- PROBLEM TO SOLVE
Write out, from the entries below, exactly the lines that run between the lines holding "Lululemon Athletica Swift" and "Aniversário entre amigos", inclusive, and stop there.

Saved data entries
-*-

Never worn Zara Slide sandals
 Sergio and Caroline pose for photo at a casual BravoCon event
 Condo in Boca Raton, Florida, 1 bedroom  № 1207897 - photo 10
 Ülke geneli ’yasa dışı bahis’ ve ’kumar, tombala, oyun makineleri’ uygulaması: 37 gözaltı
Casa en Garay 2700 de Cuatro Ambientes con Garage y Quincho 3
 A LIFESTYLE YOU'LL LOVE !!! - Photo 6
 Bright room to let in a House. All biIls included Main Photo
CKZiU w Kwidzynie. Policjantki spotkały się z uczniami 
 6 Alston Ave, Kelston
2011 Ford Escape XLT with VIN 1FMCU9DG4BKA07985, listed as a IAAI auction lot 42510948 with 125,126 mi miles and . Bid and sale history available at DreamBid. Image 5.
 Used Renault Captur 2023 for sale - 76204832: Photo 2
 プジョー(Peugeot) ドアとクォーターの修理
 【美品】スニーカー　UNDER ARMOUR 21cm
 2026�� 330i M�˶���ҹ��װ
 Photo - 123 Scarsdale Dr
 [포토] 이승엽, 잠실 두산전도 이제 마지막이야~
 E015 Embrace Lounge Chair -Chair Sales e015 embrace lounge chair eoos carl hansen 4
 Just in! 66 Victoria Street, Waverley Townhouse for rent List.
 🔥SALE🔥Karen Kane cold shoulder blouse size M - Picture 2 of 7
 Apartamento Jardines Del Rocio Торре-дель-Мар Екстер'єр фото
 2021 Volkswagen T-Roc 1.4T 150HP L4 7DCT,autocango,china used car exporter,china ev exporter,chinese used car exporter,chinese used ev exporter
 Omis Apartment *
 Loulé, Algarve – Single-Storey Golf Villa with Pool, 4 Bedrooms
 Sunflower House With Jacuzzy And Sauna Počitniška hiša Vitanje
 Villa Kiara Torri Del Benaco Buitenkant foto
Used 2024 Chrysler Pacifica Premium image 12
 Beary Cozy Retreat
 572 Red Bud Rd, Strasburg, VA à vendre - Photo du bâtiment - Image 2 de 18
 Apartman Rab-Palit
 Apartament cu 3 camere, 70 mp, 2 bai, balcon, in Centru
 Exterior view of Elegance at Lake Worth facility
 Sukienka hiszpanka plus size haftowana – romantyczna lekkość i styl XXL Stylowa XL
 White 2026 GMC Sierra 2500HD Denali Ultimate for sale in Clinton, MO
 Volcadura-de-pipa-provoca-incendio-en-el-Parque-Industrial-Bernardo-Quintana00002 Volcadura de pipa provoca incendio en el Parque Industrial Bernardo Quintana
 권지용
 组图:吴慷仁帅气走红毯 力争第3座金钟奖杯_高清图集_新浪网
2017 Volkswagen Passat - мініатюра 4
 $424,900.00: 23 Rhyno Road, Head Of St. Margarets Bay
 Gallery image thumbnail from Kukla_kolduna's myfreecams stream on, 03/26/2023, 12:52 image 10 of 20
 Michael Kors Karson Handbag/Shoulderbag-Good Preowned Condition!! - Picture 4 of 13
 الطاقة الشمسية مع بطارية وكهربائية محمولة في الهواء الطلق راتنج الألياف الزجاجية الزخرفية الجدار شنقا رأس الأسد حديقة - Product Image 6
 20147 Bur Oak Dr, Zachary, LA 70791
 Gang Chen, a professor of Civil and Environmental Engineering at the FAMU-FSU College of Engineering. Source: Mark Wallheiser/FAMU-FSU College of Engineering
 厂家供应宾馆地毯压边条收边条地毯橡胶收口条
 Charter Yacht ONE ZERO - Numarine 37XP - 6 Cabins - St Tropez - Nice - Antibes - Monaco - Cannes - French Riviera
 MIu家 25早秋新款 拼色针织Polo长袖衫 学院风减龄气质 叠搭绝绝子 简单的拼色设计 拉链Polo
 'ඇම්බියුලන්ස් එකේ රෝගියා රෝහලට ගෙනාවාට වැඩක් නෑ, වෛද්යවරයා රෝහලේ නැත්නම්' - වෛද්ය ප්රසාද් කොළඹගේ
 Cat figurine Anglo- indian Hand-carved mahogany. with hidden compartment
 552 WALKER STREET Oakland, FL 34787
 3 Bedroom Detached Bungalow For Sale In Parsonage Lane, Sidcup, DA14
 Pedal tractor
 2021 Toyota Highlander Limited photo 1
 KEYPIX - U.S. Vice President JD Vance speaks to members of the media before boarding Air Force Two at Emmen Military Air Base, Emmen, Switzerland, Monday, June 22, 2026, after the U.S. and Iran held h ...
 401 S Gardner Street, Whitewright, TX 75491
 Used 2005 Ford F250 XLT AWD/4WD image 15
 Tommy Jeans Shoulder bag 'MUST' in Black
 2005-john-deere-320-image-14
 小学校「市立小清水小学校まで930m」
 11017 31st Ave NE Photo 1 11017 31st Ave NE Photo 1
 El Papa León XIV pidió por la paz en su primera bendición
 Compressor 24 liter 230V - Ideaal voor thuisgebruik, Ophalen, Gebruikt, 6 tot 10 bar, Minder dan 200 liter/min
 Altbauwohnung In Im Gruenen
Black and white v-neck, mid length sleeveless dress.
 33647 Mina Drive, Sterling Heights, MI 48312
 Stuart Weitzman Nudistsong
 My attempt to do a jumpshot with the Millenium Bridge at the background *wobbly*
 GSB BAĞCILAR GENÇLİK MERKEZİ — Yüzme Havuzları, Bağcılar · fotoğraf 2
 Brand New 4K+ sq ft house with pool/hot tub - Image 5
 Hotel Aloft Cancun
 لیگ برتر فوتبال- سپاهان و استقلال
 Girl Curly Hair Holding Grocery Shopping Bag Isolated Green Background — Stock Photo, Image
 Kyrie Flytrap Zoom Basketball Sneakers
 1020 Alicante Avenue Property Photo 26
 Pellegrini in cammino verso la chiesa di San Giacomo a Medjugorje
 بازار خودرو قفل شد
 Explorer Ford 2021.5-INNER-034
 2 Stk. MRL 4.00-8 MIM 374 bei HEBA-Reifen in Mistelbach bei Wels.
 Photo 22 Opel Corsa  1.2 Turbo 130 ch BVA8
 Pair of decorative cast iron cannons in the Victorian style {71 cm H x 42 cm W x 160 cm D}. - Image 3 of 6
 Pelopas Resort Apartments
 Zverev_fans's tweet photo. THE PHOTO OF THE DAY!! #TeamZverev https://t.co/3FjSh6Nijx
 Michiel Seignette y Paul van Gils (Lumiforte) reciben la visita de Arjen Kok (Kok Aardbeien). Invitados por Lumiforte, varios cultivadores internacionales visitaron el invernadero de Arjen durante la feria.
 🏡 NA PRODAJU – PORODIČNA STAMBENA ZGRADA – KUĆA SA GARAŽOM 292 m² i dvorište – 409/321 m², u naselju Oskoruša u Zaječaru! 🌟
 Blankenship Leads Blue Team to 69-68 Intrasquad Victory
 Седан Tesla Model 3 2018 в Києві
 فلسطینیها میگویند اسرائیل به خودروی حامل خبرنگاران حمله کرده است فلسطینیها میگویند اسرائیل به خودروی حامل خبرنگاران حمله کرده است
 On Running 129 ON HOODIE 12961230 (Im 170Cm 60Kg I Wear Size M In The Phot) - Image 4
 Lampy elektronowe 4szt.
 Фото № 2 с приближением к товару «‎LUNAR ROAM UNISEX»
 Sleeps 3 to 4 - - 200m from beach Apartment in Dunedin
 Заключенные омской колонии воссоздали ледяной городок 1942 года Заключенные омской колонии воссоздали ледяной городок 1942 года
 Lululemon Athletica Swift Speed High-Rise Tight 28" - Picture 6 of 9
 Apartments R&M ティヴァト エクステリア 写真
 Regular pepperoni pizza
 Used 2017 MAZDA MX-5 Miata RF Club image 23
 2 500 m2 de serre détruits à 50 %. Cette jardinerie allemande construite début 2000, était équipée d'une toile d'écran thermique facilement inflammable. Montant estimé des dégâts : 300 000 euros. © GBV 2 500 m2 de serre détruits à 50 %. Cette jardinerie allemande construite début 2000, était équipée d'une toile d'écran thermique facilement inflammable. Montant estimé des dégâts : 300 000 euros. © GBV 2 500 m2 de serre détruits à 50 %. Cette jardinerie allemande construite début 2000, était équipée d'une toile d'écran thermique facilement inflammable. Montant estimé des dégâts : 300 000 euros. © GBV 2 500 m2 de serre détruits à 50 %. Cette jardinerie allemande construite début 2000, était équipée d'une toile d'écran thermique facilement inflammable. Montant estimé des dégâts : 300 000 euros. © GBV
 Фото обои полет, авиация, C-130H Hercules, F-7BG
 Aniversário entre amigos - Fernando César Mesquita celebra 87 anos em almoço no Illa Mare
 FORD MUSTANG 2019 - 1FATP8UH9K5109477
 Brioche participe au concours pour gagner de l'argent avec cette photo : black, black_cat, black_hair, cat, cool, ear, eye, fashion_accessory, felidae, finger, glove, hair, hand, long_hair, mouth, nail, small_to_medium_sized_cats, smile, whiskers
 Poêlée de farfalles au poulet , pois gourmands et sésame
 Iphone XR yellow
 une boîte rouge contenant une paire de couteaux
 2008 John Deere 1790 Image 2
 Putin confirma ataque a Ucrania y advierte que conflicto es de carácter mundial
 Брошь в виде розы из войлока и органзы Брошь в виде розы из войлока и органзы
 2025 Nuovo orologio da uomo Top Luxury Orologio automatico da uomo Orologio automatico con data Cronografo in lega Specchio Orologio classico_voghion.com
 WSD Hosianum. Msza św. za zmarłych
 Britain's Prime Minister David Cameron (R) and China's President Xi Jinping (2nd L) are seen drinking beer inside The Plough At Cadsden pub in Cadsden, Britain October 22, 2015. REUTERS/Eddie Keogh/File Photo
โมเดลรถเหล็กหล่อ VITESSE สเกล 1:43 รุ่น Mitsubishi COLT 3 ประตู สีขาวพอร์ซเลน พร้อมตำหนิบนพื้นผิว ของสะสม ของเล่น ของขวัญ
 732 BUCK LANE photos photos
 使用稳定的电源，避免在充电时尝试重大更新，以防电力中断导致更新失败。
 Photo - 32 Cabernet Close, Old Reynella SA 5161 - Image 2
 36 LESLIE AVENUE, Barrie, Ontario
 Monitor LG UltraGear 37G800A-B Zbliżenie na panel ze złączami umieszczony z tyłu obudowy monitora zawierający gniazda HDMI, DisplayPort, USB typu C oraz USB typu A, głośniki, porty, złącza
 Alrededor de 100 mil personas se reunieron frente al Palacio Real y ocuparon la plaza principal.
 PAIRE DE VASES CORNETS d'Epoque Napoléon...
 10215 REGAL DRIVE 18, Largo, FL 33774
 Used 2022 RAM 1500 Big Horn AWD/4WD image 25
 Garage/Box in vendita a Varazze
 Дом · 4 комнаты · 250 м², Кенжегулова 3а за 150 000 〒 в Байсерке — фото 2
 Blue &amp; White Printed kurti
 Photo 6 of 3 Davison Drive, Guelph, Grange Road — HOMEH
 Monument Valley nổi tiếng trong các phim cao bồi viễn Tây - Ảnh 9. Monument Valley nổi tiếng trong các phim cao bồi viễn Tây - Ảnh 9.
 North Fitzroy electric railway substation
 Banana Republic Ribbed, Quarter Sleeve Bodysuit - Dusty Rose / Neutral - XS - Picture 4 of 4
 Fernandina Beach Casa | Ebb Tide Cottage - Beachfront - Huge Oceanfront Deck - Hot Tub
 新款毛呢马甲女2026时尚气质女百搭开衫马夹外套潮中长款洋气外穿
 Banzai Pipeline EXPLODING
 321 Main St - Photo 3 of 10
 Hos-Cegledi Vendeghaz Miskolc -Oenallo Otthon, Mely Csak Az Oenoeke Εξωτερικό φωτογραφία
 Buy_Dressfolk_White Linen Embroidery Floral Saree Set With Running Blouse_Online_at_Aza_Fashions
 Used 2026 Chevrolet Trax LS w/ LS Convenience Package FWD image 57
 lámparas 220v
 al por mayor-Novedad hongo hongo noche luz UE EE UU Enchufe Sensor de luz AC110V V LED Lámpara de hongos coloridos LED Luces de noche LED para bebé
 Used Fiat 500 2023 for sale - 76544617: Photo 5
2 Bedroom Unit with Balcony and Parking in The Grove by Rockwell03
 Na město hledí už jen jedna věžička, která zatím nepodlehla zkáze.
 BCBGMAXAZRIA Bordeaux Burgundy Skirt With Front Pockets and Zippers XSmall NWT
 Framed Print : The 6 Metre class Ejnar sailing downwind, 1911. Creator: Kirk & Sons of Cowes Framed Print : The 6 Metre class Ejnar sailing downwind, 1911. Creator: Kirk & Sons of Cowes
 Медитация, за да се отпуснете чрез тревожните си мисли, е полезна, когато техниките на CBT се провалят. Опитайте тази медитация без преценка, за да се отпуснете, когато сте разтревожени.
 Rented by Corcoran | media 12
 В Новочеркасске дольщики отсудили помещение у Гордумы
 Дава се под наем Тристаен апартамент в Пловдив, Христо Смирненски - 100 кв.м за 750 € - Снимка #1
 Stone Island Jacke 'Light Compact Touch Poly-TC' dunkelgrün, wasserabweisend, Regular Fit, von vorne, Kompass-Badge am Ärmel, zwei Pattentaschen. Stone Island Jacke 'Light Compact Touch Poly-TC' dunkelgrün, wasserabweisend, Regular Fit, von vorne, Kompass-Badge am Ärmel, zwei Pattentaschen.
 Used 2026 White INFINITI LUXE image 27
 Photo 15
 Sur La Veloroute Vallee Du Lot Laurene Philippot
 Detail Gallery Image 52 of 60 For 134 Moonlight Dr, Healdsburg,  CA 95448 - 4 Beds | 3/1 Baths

-*-

- SOLUTION TO THIS PROBLEM
 Lululemon Athletica Swift Speed High-Rise Tight 28" - Picture 6 of 9
 Apartments R&M ティヴァト エクステリア 写真
 Regular pepperoni pizza
 Used 2017 MAZDA MX-5 Miata RF Club image 23
 2 500 m2 de serre détruits à 50 %. Cette jardinerie allemande construite début 2000, était équipée d'une toile d'écran thermique facilement inflammable. Montant estimé des dégâts : 300 000 euros. © GBV 2 500 m2 de serre détruits à 50 %. Cette jardinerie allemande construite début 2000, était équipée d'une toile d'écran thermique facilement inflammable. Montant estimé des dégâts : 300 000 euros. © GBV 2 500 m2 de serre détruits à 50 %. Cette jardinerie allemande construite début 2000, était équipée d'une toile d'écran thermique facilement inflammable. Montant estimé des dégâts : 300 000 euros. © GBV 2 500 m2 de serre détruits à 50 %. Cette jardinerie allemande construite début 2000, était équipée d'une toile d'écran thermique facilement inflammable. Montant estimé des dégâts : 300 000 euros. © GBV
 Фото обои полет, авиация, C-130H Hercules, F-7BG
 Aniversário entre amigos - Fernando César Mesquita celebra 87 anos em almoço no Illa Mare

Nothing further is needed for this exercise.